Last Sunday was Easter Sunday. Today is the second Sunday of the Easter season. Did you know that?

Did you know Easter was a season … more than just a day?

<Look for nodding heads or quizzical looks.>

The Easter season begins on Easter Sunday and always lasts through Pentecost Sunday. This year, Pentecost Sunday will be May 23rd. So, there are eight total Sundays covering the Easter season, with us today being at number two.

Does everyone know why there are eight Sundays in the Easter season?

<Look for nodding heads or raised hands.>

The Greek word “pentékosté” means “fiftieth.” Thus, Pentecost is the Fiftieth Day. The seven Sundays between Easter Sunday and the seventh Sunday of Easter amounts to forty-two days (six weeks). So, the following Sunday is the fiftieth day!

Do you know why we recognize the Fiftieth Day as Christians?

<Look for nodding heads or quizzical looks.>

Well, it seems to be because the Jews have a festival that recognizes that day, made popular by the Book of the Acts of the Apostles, when all the disciples and followers of Jesus were filled with the Holy Spirit and began to talk in tongues.

There is a branch of Christianity known as Pentecostals, who take that name because they say their members also can speak in tongues.
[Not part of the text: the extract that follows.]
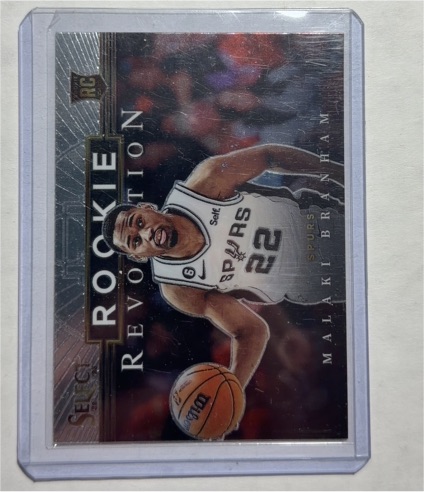 2022-23 Panini Select Rookie Revolution #6 Malaki Branham — front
But, that name says they are all Fiftieth Dayers.

The Jews recognize Pentecost as the feast of "Weeks," which they call Shavuot [Hebrew for "Weeks"]. Christians recognize Pentecost as when the first Christians began to preach God's Word. Both Jews and Christians recognize [generally] the same things, but neither seem to want to figure out how both should be the same.

The whole aspect of Easter and the Easter season is really a statement about how Christians will go to great lengths to be God’s chosen people, without being Jewish. In doing that, they make up things that are based on their conception of what the Gospels and the Book of Acts say, without any desire to understand the religious mores of Judaism.

The Jews see no need for anything beyond the Old Testament.

<Look for shocked faces.>

I don’t want anyone to get the idea that I think all of this is some kind of planned rejection, as both religions are guilty of failure to serve Yahweh. I believe the initial wave of Christianity that swept over Gentiles, where the first Christians were Jews, probably was a state of religion that has been lost over the centuries. Christians today are no longer merged as one religion that understands the Torah and Mishna.

Along that road of history to now has been some natural phenomena taking place, much like a jar of oil and vinegar will mix together (somewhat) when shaken; but let the jar stand still and over time the two will separate.

That analogy says Christians today do not fully recognize what Yahweh told the first Israelites, through Moses, relative to what to do that pleases Him, in order to remain His chosen people.

Those Israelites were neither Jews nor Christians. They were those who served Yahweh. The same devotion applies today, as Yahweh does not recognize dogma written on paper as proof of relationship to Him. Yahweh is more concerned about the Acts of His people proving he or she is one of His wives [and they call Him their Husband].

It seems that those instructions have been lost over the [according to the Hebrew calendar] past five thousand seven hundred eighty-one years, when Yahweh first told the Israelites to mark time. Both the Jews and the Christians have gotten a lot of things mixed up from waywardness over the centuries.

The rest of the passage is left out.